= José Reyes Meza =

Mexican painter and costume designer (1924–2011)

José Reyes Meza (November 23, 1924 – October 31, 2011) was a Mexican painter, costume and set designer, who helped to found a number of cultural institutions in Mexico. Reyes Meza began his artistic career principally in theater, although he was an active painter and even bullfighter in his early days. Painting became prominent starting in the 1970s, working on murals in various parts of Mexico as well as exhibiting canvas works in Mexico and abroad.

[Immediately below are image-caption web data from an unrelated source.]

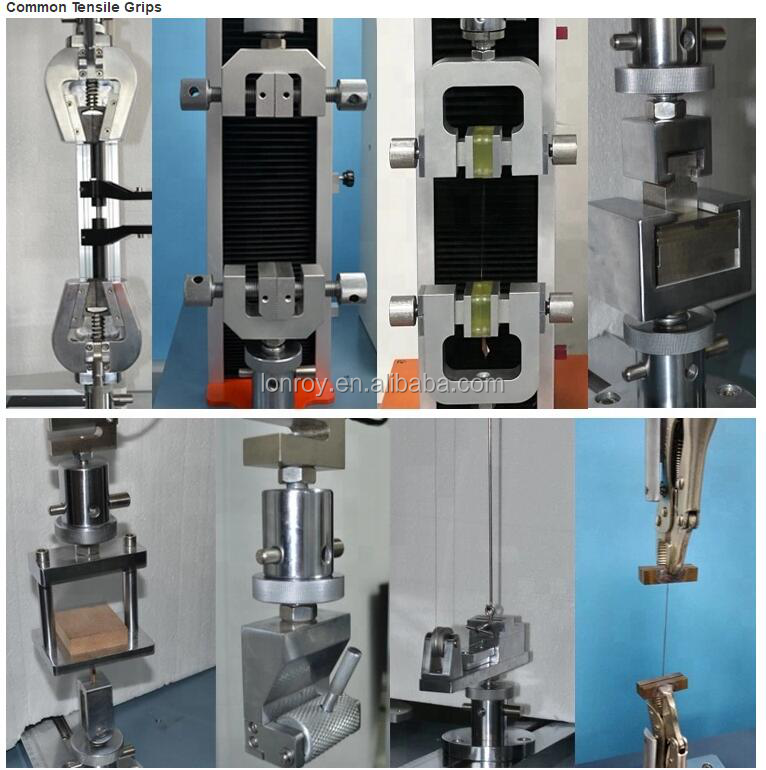 Digital Universal Tension/Bending/Compression Testing Machine Tensile Tester Universal Tensile Test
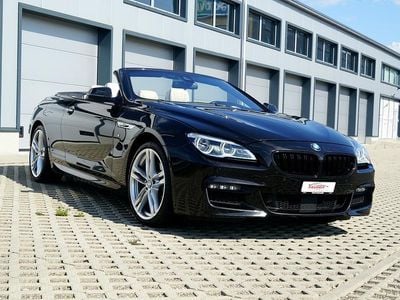 Gebraucht 2015 BMW 650 M Sport Coupé | CHF 29’900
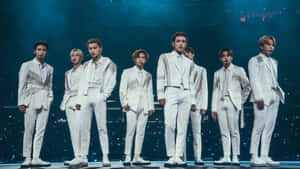 Get Your Ateez Desktop Wallpaper Now Wallpaper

The artist is a founding member of the Salón de la Plástica Mexicana and his work has been acknowledged by tributes, various awards and an art museum in Nuevo Laredo named after him.

==Life==
José Reyes Meza was born in Tampico, Tamaulipas . His mother was only sixteen at the time and his parents separated soon after his birth. He then went with his mother to live in nearby Altamira. He grew up in a very rural area on the Gulf coast with lagoons such as the Champayan Lagoon, filled with alligators, birds and water plants. The area is also part of the Huasteca region of Mexico so he grew up on native music such as the huapango, learning to play this music on the guitar, the jarana huasteca and an instrument called the “tres cubano.” On occasions during his childhood, Reyes traveled on a barge with his uncles to sell provisions to local ranchers sent by his grandmother. These experiences later influenced his artwork, often conserving his childhood experiences.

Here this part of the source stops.